The MV Torani took on water after it developed a hole and it later partially capsized in the Mazaruni River, according to Minister within the Ministry of Public Infrastructure Annette Ferguson.
Ferguson told Stabroek News yesterday that a team from the Transport and Harbours Department has visited the site and compiled a report that is being used to plot a way forward as they look to salvage the vessel.
The decades-old vessel went down sometime last week.
In an advertisement in Wednesday’s edition of Stabroek News, Harbour Master Michael Tennant advised that the vessel had sunk close to the left bank of the Mazaruni River. He added that the wreck is approximately 100 metres and bearing 212°T from the location of the Mazaruni Prison wharf.
The advertisement, which cautioned mariners to be on the lookout for the vessel as they operate on the river, stated that the vessel is not fully submerged and the starboard half of the vessel is still visible at all tides.

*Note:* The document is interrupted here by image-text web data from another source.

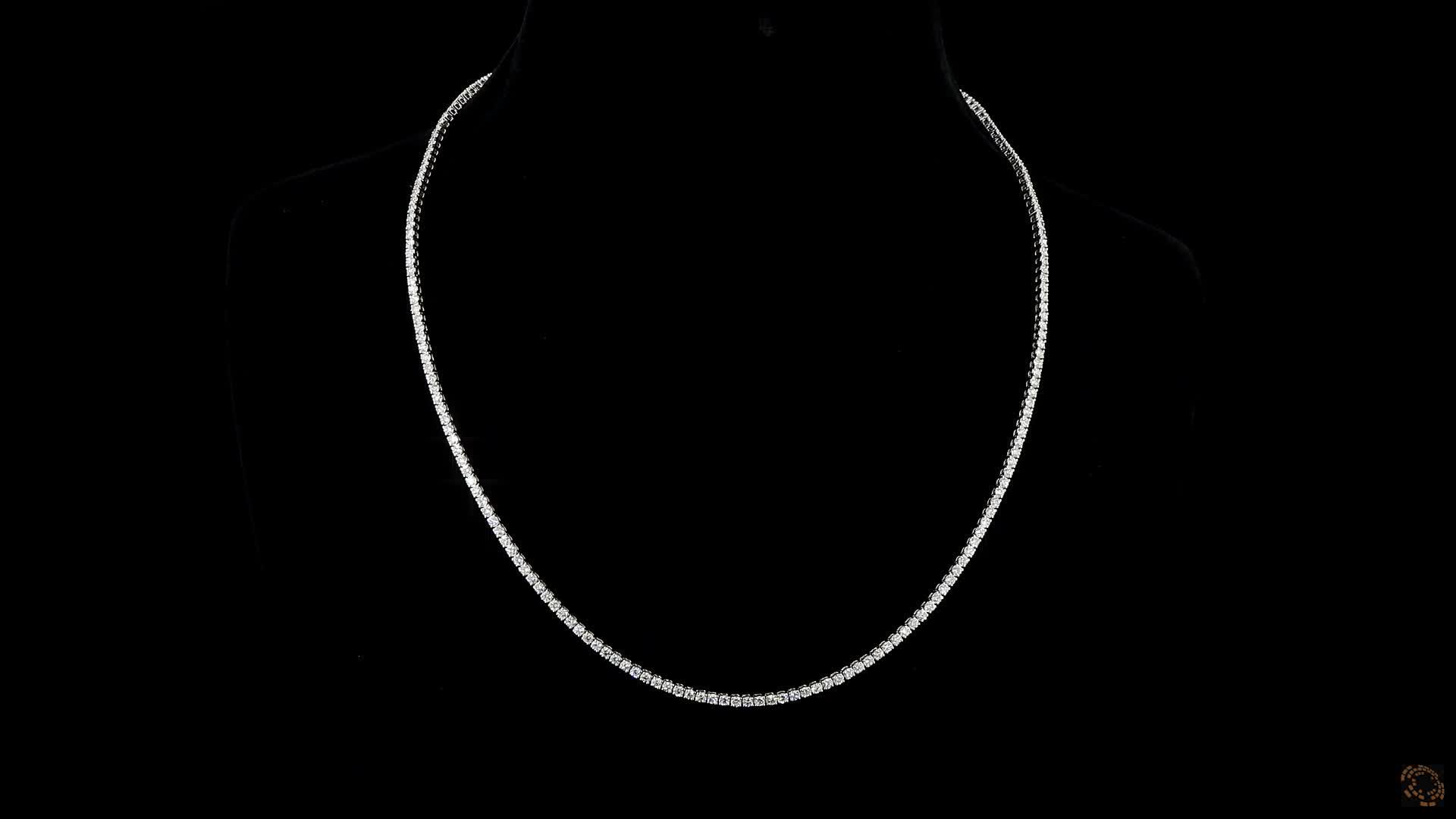 Tennis Necklace, 14K White Gold, stock TS10-2.6-W16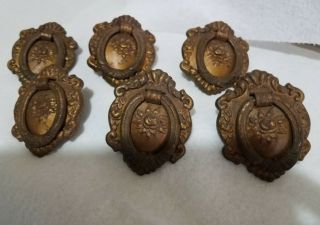 Set Of 6 Antique Victorian Drawer Large Ring Pulls Hardware Fancy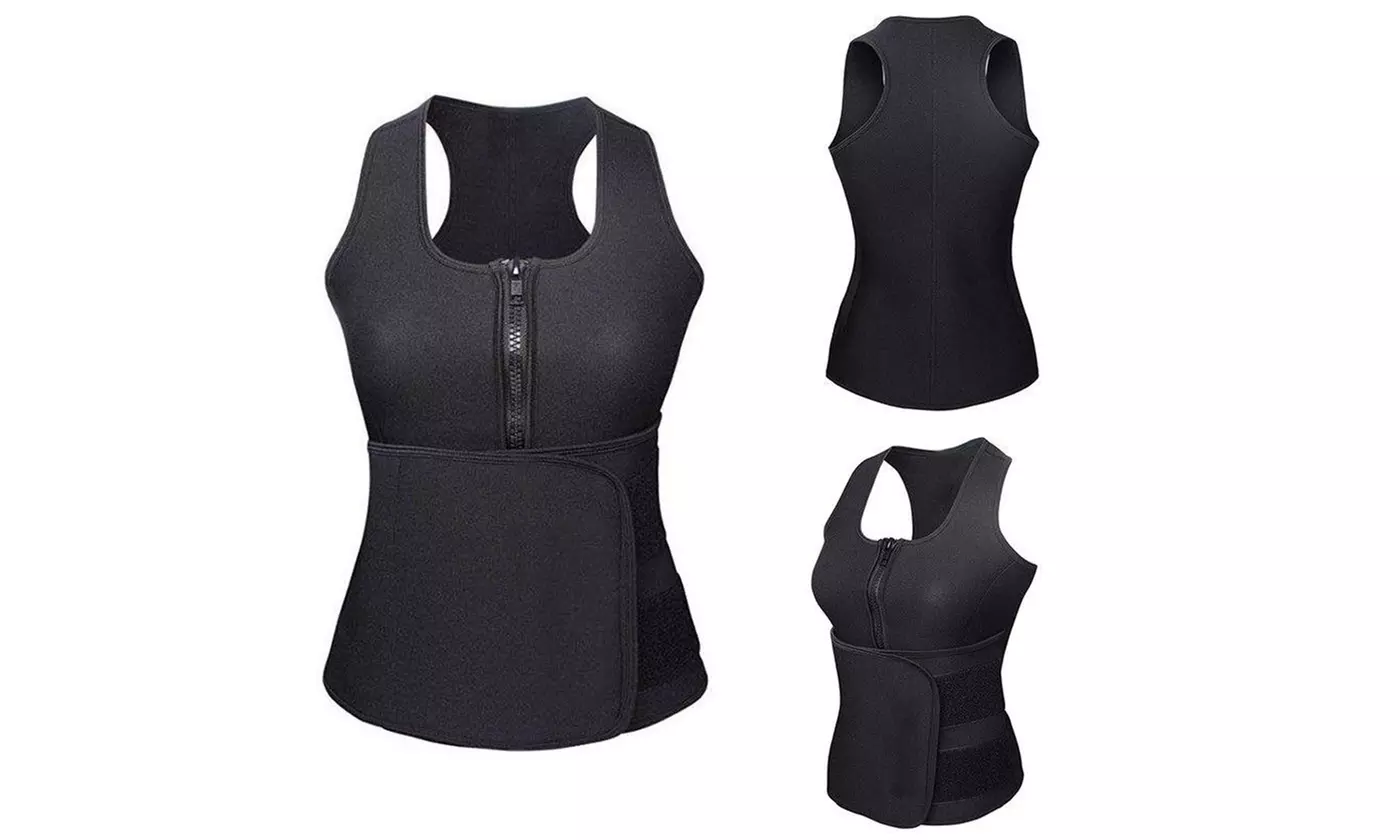 Women Neoprene Sweat Sauna Suit Tank Top Vest with Shaper Waist Trainer Belt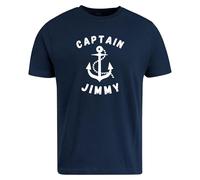 Be Buz Personalized Captain T-Shirt Custom Nautical Anchor Boat Captain Sailor Shirt Sailing Gifts for Boat Captains and Sailors Men Women (UK, Alpha, L, Regular, Regular, Navy Blue)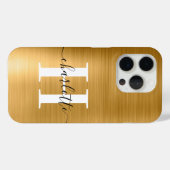 モダン シグネチャー モノグラム ゴールド フォイル Case-Mate iPhoneケース (裏面 (横))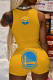 Yellow Sportswear Print Patchwork O Neck Sleeveless Two Pieces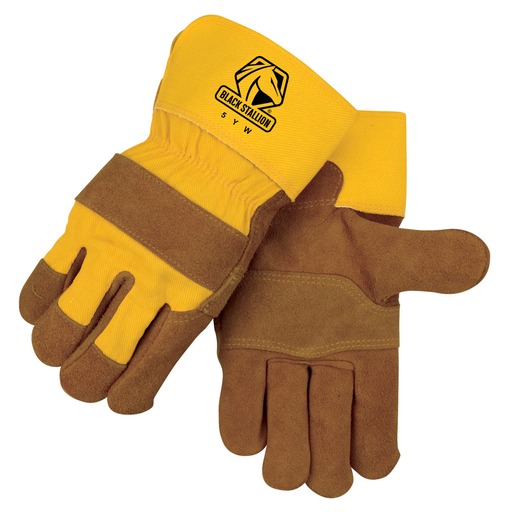 SIDE SPLIT COWHIDE PATCHED LEATHER PALM WINTER WORK GLOVES, LARGE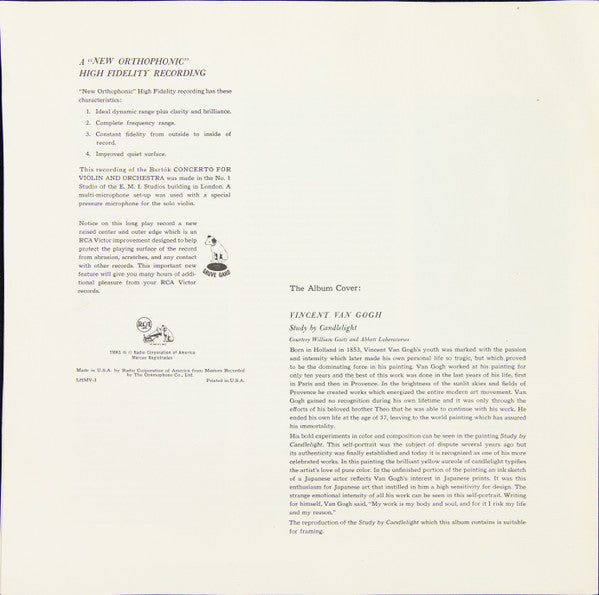 Yehudi Menuhin - Bartók Violin Concerto (Vinyl, LP, Album) Very Good Plus (VG+) / Good (G)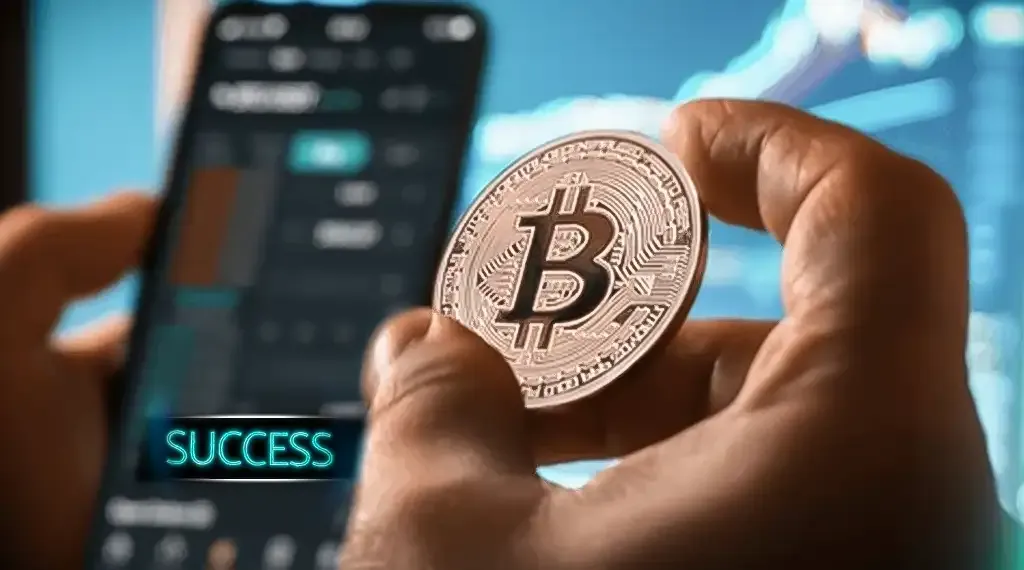 A person holding a Bitcoin coin with a trading app.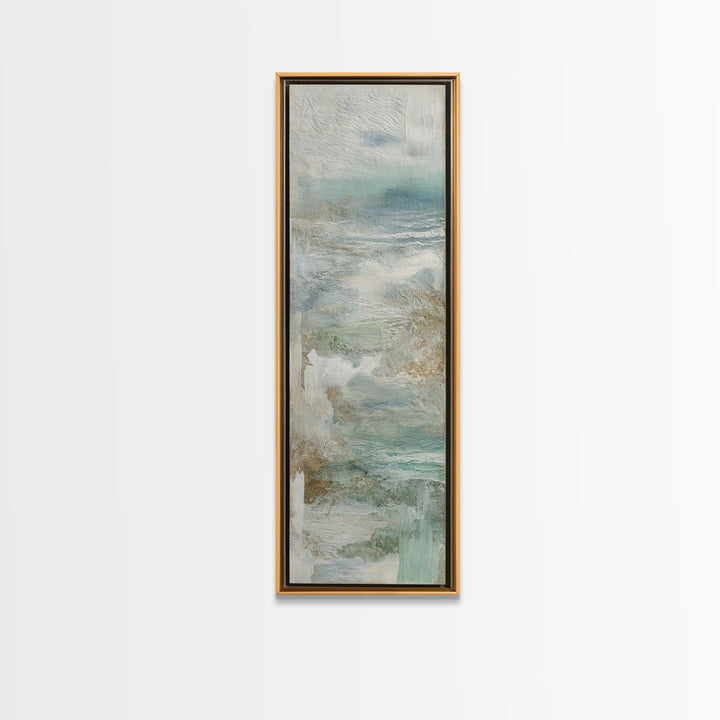 Coastal Shells and Water Study Framed Canvas Print, Medical Office Art, Medical Art, Office Decor, Fine Art, Calm, Biology Art, MOA-1x3-80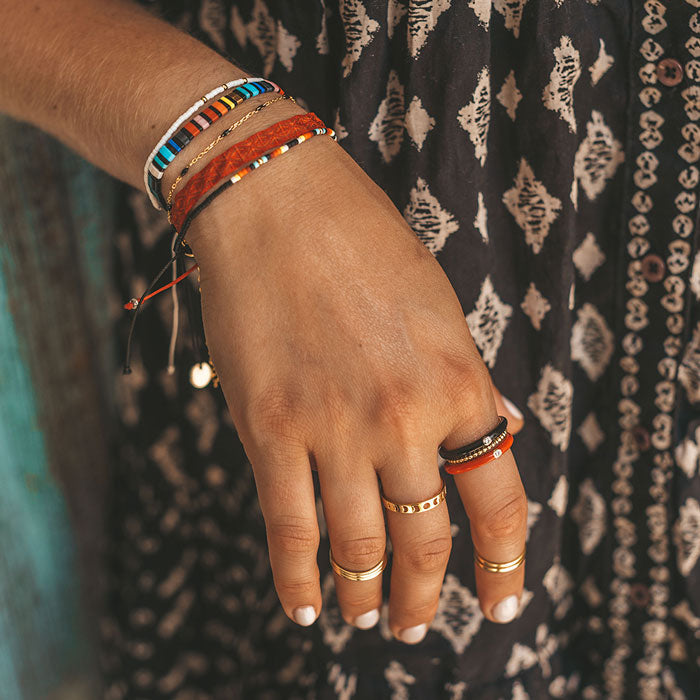 Pulsera Telar Ancha Roja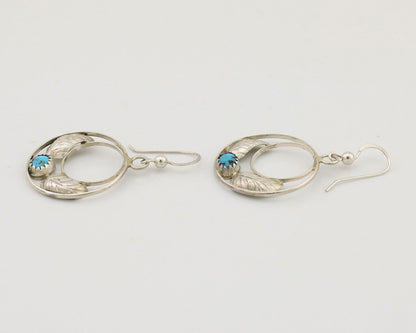 Navajo Handmade Dangle Earrings 925 Silver Blue Turquoise Native Artist C.80's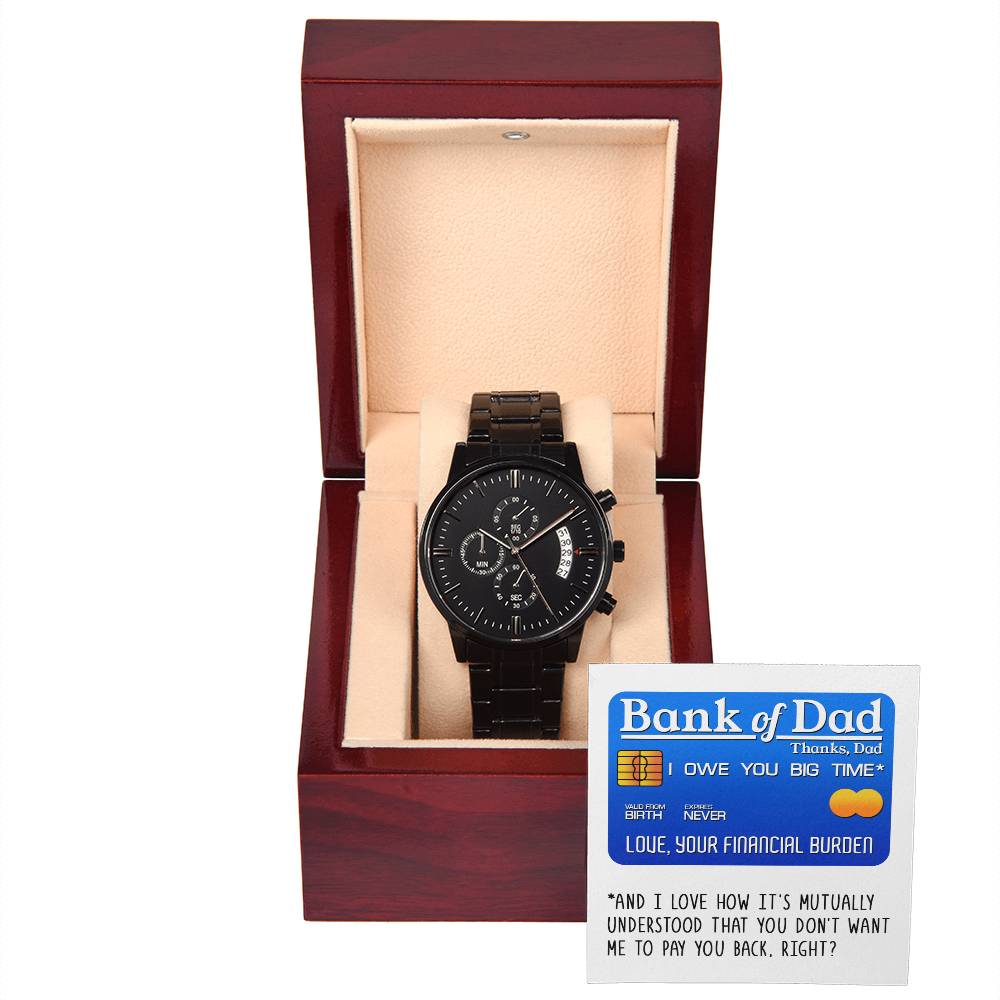 Gift For Dad - Mens Black Wrist Watch with Mahogany Box and Message Card -Bank of Dad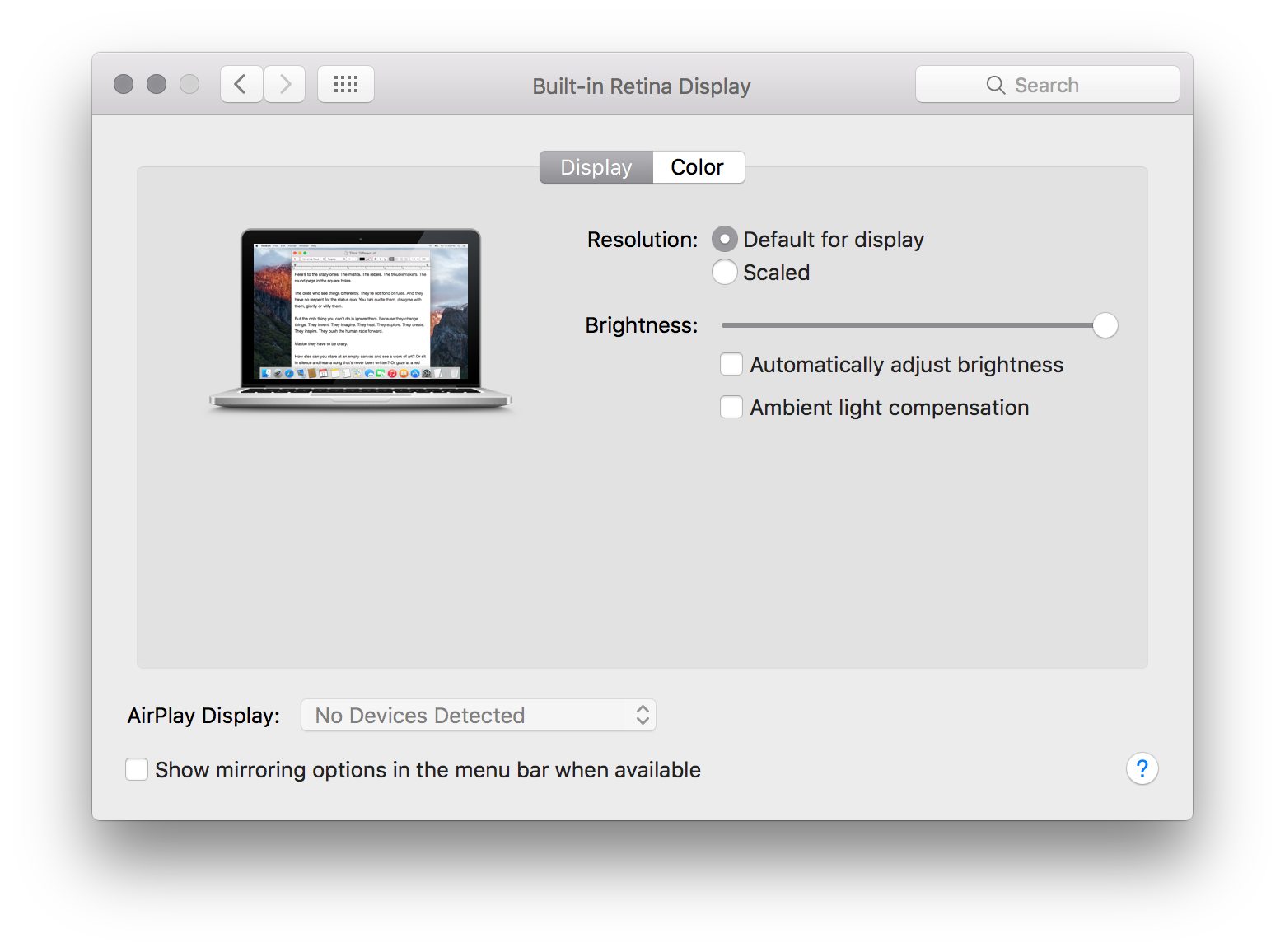 Điều chỉnh màn hình MacBook chậm đạt được độ sáng tối đa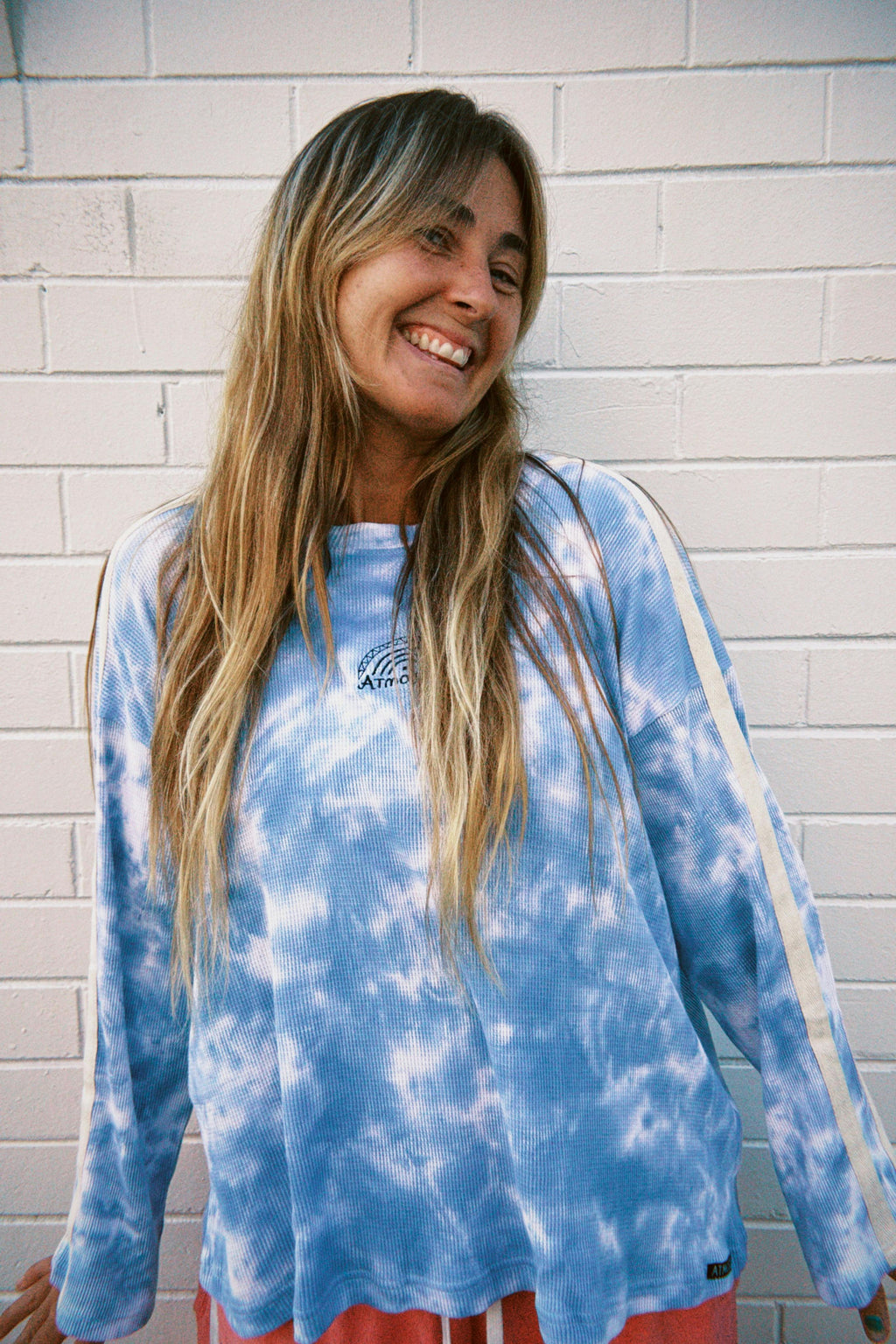 Lounge Long Sleeve Tee in Cloud Tie Dye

Minister Ferguson explained that the MV Torani was moored at the Mazaruni dock, where it was being cannibalised for spare parts for two other vessels, MV Makouria and MV Malali.
The vessel was docked at the Georgetown Wharf last year and it was recently moved to the Mazaruni.
A letter penned by Captain R E W Adams to Stabroek News in 2012 stated that MV Torani was constructed by Messrs Sprostons Ltd. The keel was laid on July 31, 1958, using the drawings of the Makouria, which was constructed in the United Kingdom in 1959. It was handed over to the Transport and Harbours Department in October of 1960.
MV Torani is well known among travelers in Berbice, where it serviced the routes between New Amsterdam and Rosignol, and Stanleytown and Blairmont. After the introduction of the Berbice River Bridge, the vessel was redeployed to the Essequibo River.